Mais le Royaume de Dieu n’est ni une réalité réservée uniquement à un lointain futur, ni même un état d’âme purement intérieur. De très nombreux chrétiens relèguent l’avènement du Royaume à la fin des temps. Pour le moment, il suffit, d’après eux, de cultiver uniquement la piété personnelle. Il y a aussi ceux qui ont cessé d’attendre quoi que ce soit du Royaume. Ils estiment sans doute que le Roi est mort dans son effort de retourner la roue de l’histoire et qu’il s’est fait misérablement écraser par elle. Seul un résidu de son enseignement mériterait d’être retenu : une certaine morale par exemple celle du sermon sur la montagne.

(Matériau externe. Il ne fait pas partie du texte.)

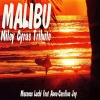 Maxence Luchi、Anne-Caroline Joy - Malibu (Miley Cyrus Tribute)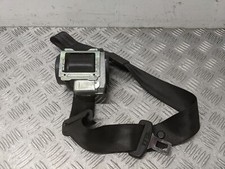 AUDI A4 SE TFSI AUTO 2DR CONVERTIBLE 2008 SEAT BELT - DRIVER FRONT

Quant à nous, nous estimons que le trait essentiel de la foi c’est de regarder d’abord en arrière pour se nourrir des événements décisifs du passé, mais aussi en avant, dans une espérance la prolongeant vers l’avenir, lorsque toutes les promesses dont elle est le réceptacle seront devenues une réalité concrète. Nous vivons entre deux temps et nous connaissons à cause de cela une certaine tension. De toute manière, le conflit entre le Royaume de Dieu et le pouvoir du mensonge et du mal est aigu, mais nous en connaissons l’issue. Le prince de ce monde et les principautés et dominations qui régissent la vie par leur pouvoir maléfique sont détrônées. Lorsque nous prions jour après jour : « Que ton règne vienne », nous recevons l’exaucement de notre requête : le règne de Dieu est déjà avec nous, parmi nous, et si l’autorité appartient au Christ Sauveur, le meilleur se fait encore attendre.

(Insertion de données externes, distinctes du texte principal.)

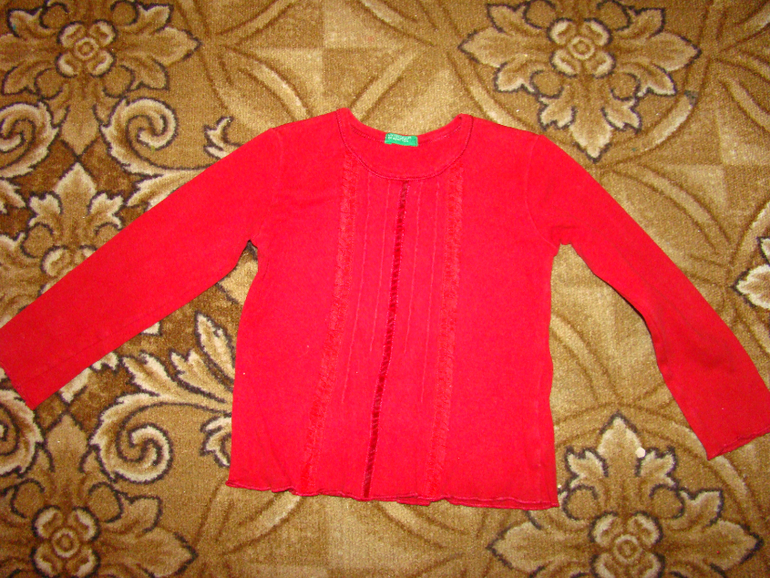 Одежда для девочки от 3 мес до 24мес Дешево! от 2.04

Nous ne pouvons pas nous dispenser de parler ici de l’Église; car le Royaume de Dieu et l’Église du Christ sont liés (je ne veux pas dire, pour autant, qu’ils soient interchangeables). Mais l’autorité du Christ s’exerce visiblement, en tout cas devrait s’exercer, dans l’Église. Celle-ci est le cercle intérieur qui constitue le Royaume de Dieu, bien qu’elle ne soit pas l’unique cercle. Le Christ domine aussi sur des cercles que j’appellerai extensifs et qui dépassent le cadre de l’Église. Ceci fait que jamais l’Église chrétienne ne devrait se conformer ni s’identifier au monde. Au contraire, elle doit amener toute pensée captive à Jésus-Christ, car le Seigneur revendique pour lui chaque parcelle de l’univers comme chacune de nos personnes. Toutes les sphères de l’existence doivent lui être soumises. Nous ferons en sorte, partout où nous nous trouverons, que son autorité soit reconnue, en proclamant que son règne de grâce, de justice et de liberté est proche.

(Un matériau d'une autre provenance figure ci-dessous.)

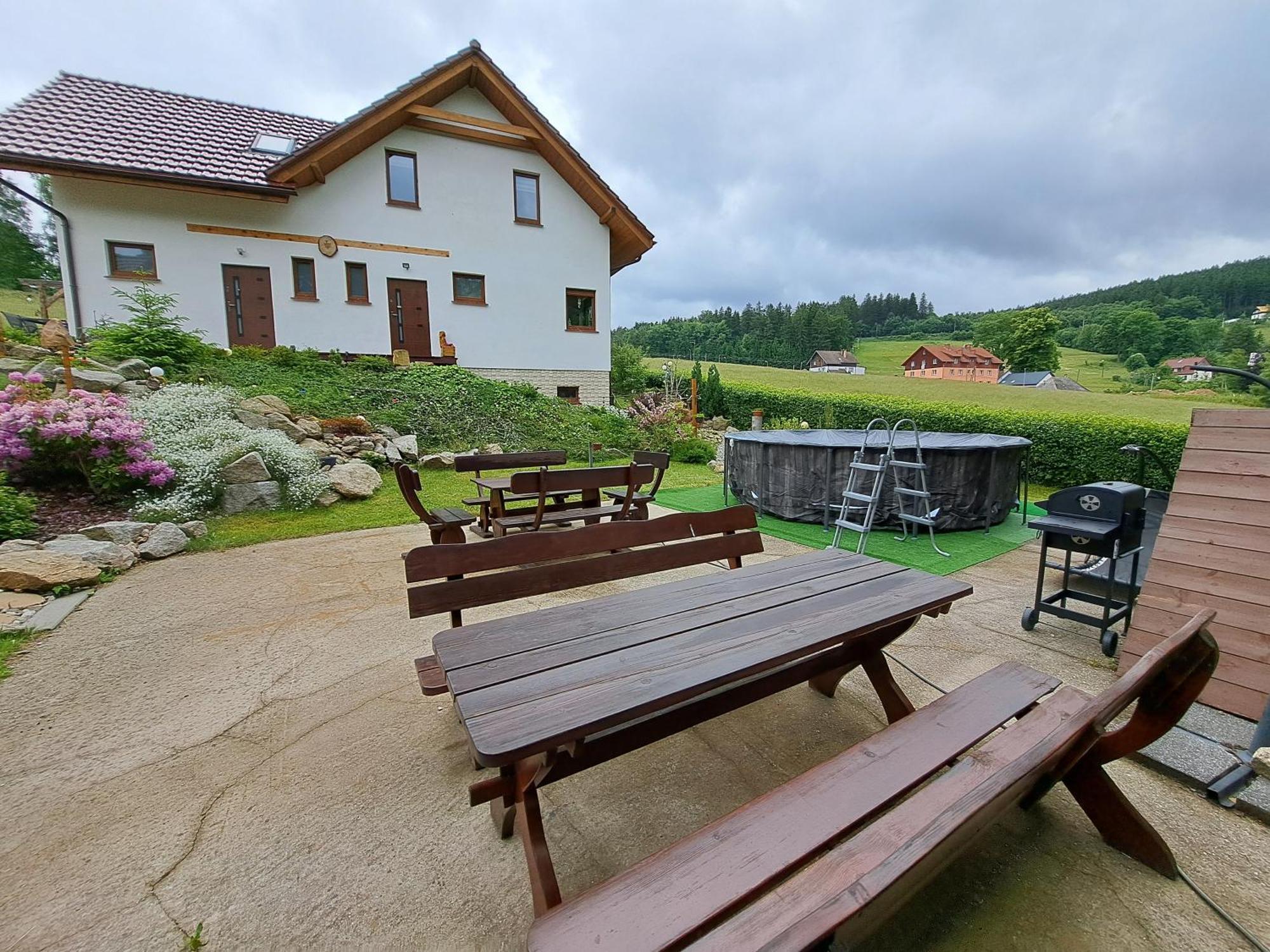 Karkonosz 4 Chalet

Que le dimanche, jour de culte, prépare nos lundis de travail. Que le culte nous inspire en vue de l’accomplissement des tâches quotidiennes. Que la liturgie nourrisse la vie et que les prédications équipent le fidèle en vue du service à accomplir. Les limites du Royaume dépassent largement les murs et l’enceinte de nos sanctuaires. C’est pourquoi, sans cesse, nous devons « chercher le Royaume de Dieu et sa justice ».